> What is expected
Only the lines from the one with "Estante de Almacenamiento" through the end of the material are wanted, copied exactly and with the pictures left out.

> Stored data
-- Opening Marker --

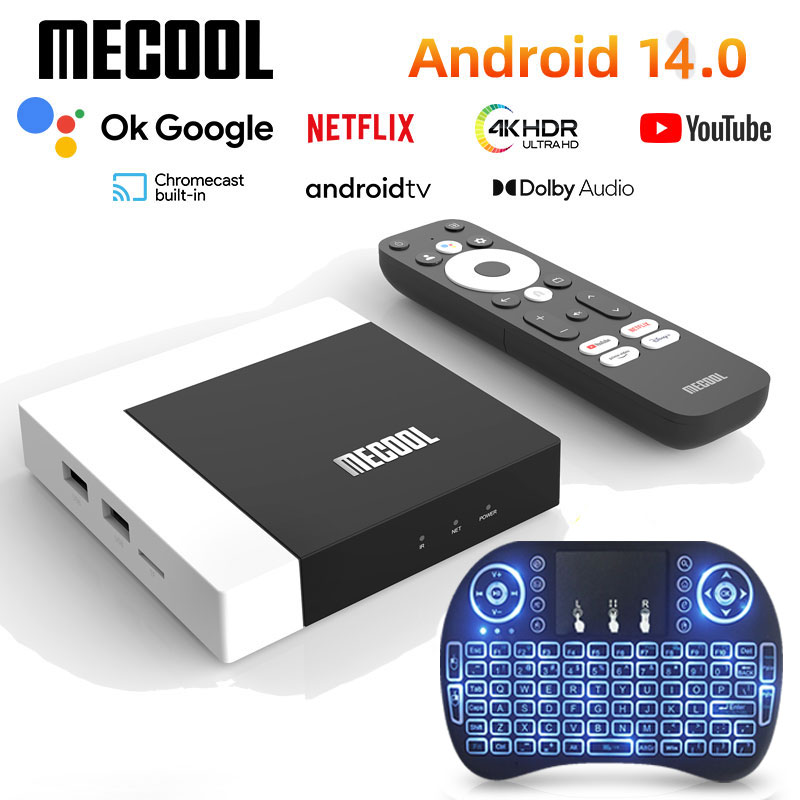 MECOOL KM7 PLUS Google TV Box  - Home Cinema Google 리뷰 및 가격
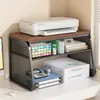 Estante de Almacenamiento Multifuncional para Impresora de Casa Organizador de Documentos Archivos Papelería Estante de Colocación para Copiadora Pequeña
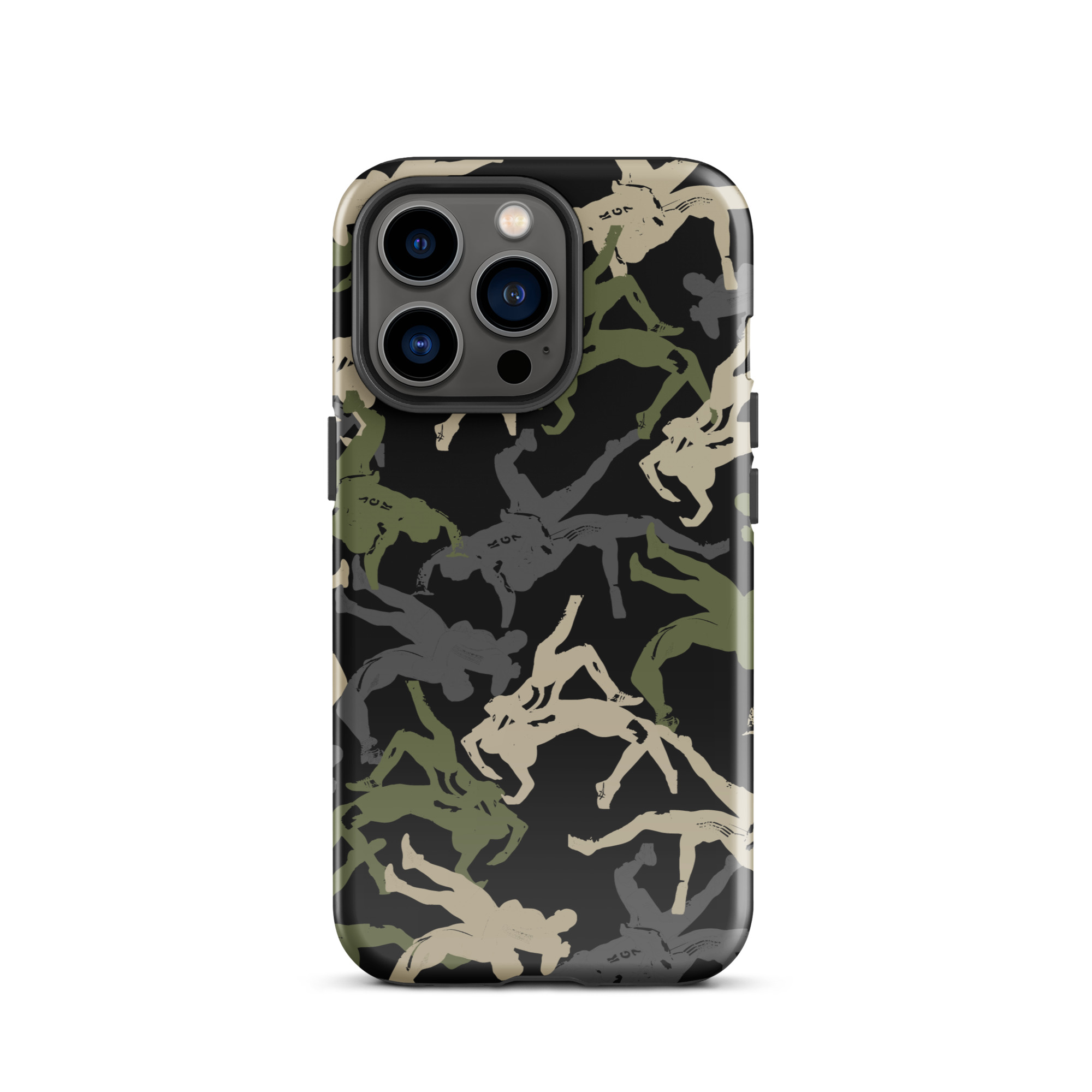 Wrestler Camo Tough Case for iPhone® - Image 58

-- Closing Marker --

> Solution for this problem
 Estante de Almacenamiento Multifuncional para Impresora de Casa Organizador de Documentos Archivos Papelería Estante de Colocación para Copiadora Pequeña
 Wrestler Camo Tough Case for iPhone® - Image 58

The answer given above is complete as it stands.